Search code examples
jsondatabase-designrelational-databaseiotnon-relational-database

Best IoT Database?


I have many IoT devices sending data currently to MySQL Database.

I want to port it to some other Database, which will be Open Source and provide me with:

  • JSON support
  • Scalability
  • Flexibility to add multiple columns automatically as per payload
  • Python and PHP Support
  • Extremely Fast Read, Write
  • Ability to export at least 6 months of data in CSV format

Solution

  • Shaping your database based on input data is a mistake. Think of tomorrow your data will be CSV or XML, in a slight different format. Design your database based on your abstract data model, normalize it and apply existing data to your model. Shape your structure based on what input you have and what output you plan to get. If you retrieve the same content as the input, storing data in files will be sufficient, you don't need a database.

    Also, you don't want to store "raw" records the database. Even if your database can compose a data record out of the raw element at run time, you cannot run a selection based on a certain extracted element, without visiting all the records.

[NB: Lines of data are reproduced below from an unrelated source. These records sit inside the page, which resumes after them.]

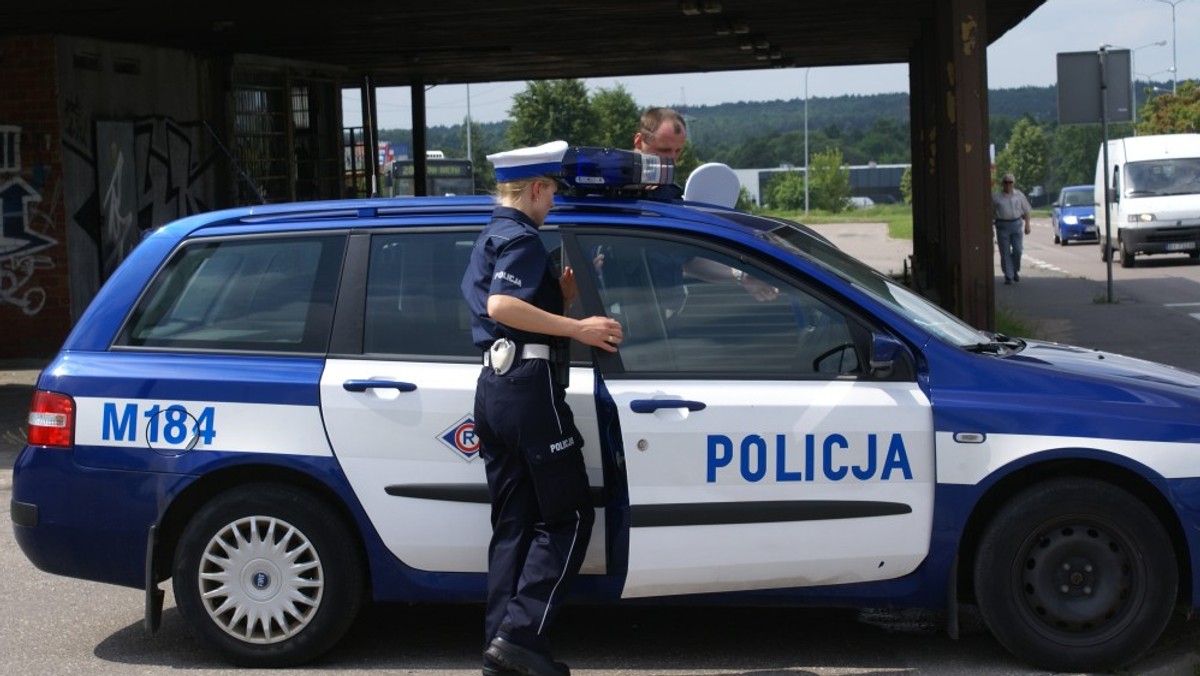 Szybka reakcja białostockich policjantów podczas międzynarodowego szkolenia na Litwie. W czasie ćwiczeń, w których uczestniczyło blisko 300 funkcjonariuszy z sześciu krajów, jeden z łotewskich policjantów nagle upadł na ziemię i stracił przytomność. Na ratunek mężczyźnie natychmiast pospieszyli policjanci z Oddziału Prewencji Policji w Białymstoku.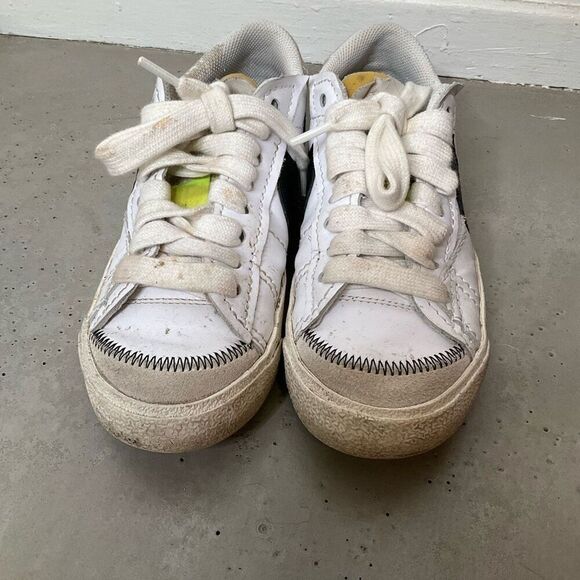 Nike Blazer Low ‘77 Jumbo Trainers - Picture 4 of 6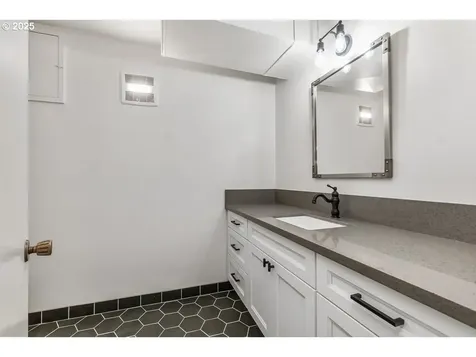 29455 NE Wilsonville Road Newberg OR 97132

    Most of the databases allow you to connect from anywhere (there is not such thing as better support of PostgreSQL in Java as compared to Python, but the quality and level of standardization for drivers may vary). The question is what features shall your driver support. For example, you may require support for bulk import (don't issue large INSERT sets to the database).

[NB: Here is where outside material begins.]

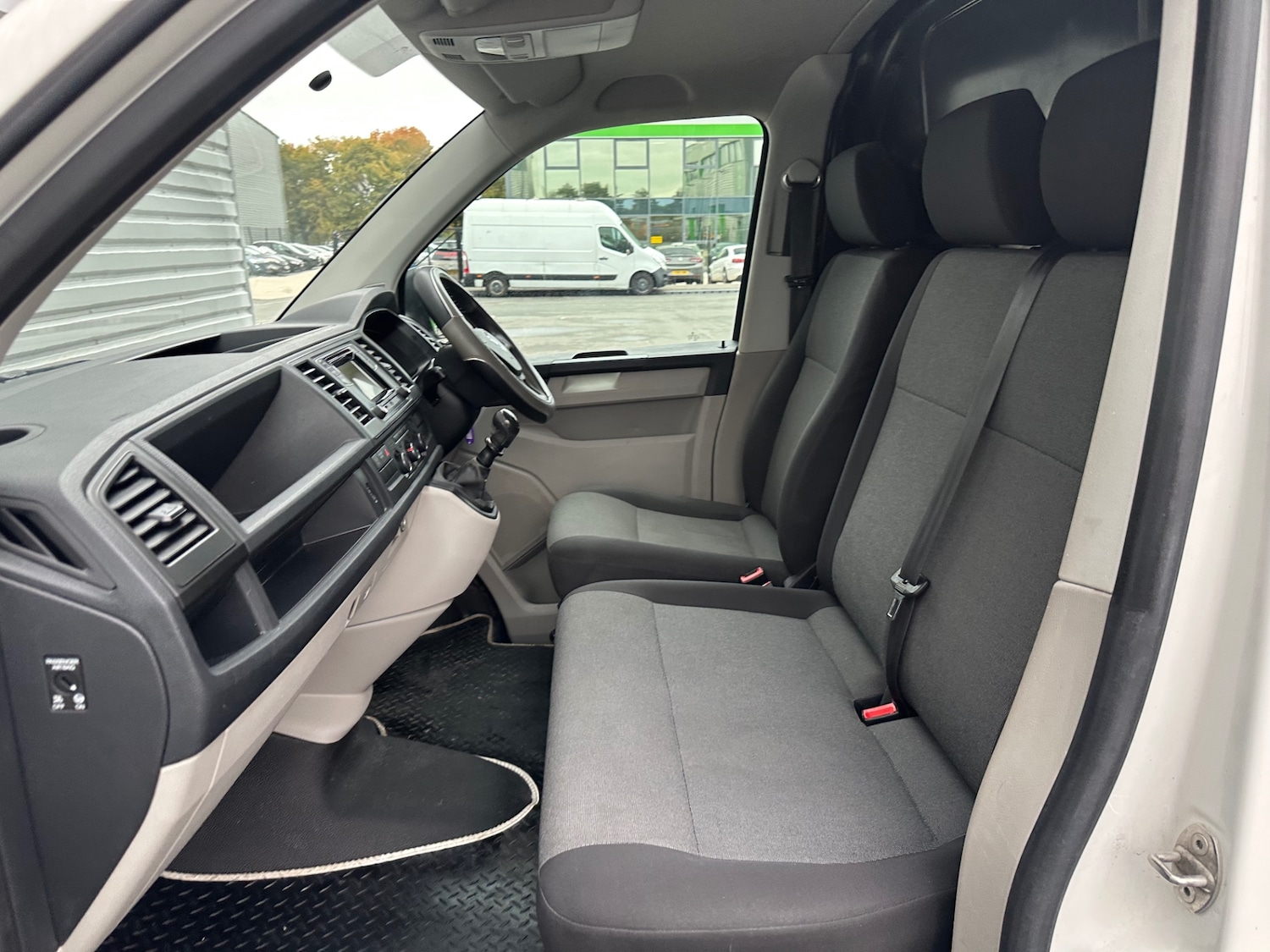 Used Volkswagen Transporter 2019 for sale - 76662503: Photo 27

    What you actually look for is:

    • scalability: can your database grow with your data? Would the DB benefit of adding additional CPUs (MySQL particularly doesn't for large queries). Can you shard your database on multiple instances? (MySQL again fails to handle that).
    • does your model looks like a snowflake? If yes, you may consider NoSQL, otherwise stay away of it. If you manage to model as a snowflake (and this means you are open for compromises) you may use anything like Lucene based search products, Mongo, Cassandra, etc. The fact you have timeseries doesn't qualify you for NoSQL. For example, you may have 10K devices issuing 5k message types. Specific data is redundantly recorded at device level and at message type level. In that case, because of the n:m relation, you don't have the snowflake anymore.
    • why do you store the data? What queries are you going to issue?